▶ **TASK**: The output is a word-for-word repeat of the listing below, free of images.

▶ **RAW DATA**:
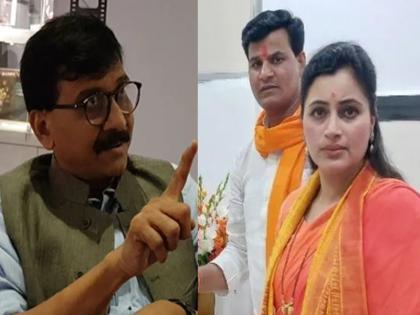 Shiv Sena leader Sanjay Raut has warned MP Navneet Rana and MLA Ravi Rana | 'तुम्ही घुसून हनुमान चालिसा वाचणार, मग आता आम्हीही घुसू'; संजय राऊतांनी दिला इशारा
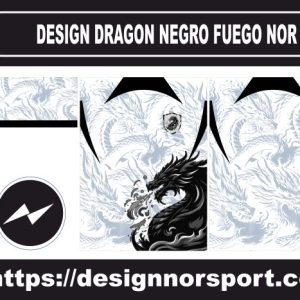 DESIGN DRAGON NEGRO FUEGO NOR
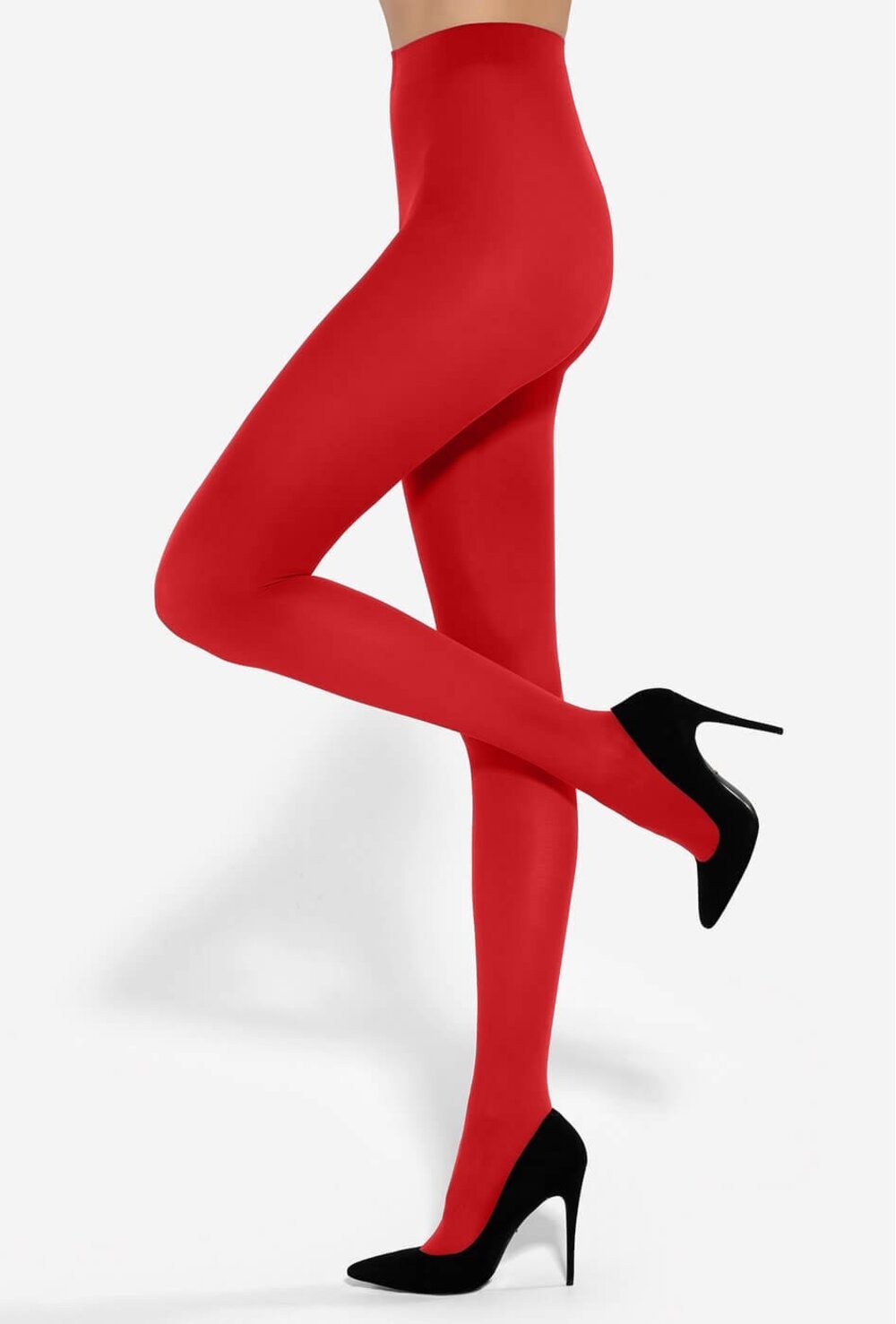 Gatta Opaque Matte Tights Rosalia 40 Den Red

▶ **RESPONSE FOR THIS EXERCISE**:
 Shiv Sena leader Sanjay Raut has warned MP Navneet Rana and MLA Ravi Rana | 'तुम्ही घुसून हनुमान चालिसा वाचणार, मग आता आम्हीही घुसू'; संजय राऊतांनी दिला इशारा
 DESIGN DRAGON NEGRO FUEGO NOR
 Gatta Opaque Matte Tights Rosalia 40 Den Red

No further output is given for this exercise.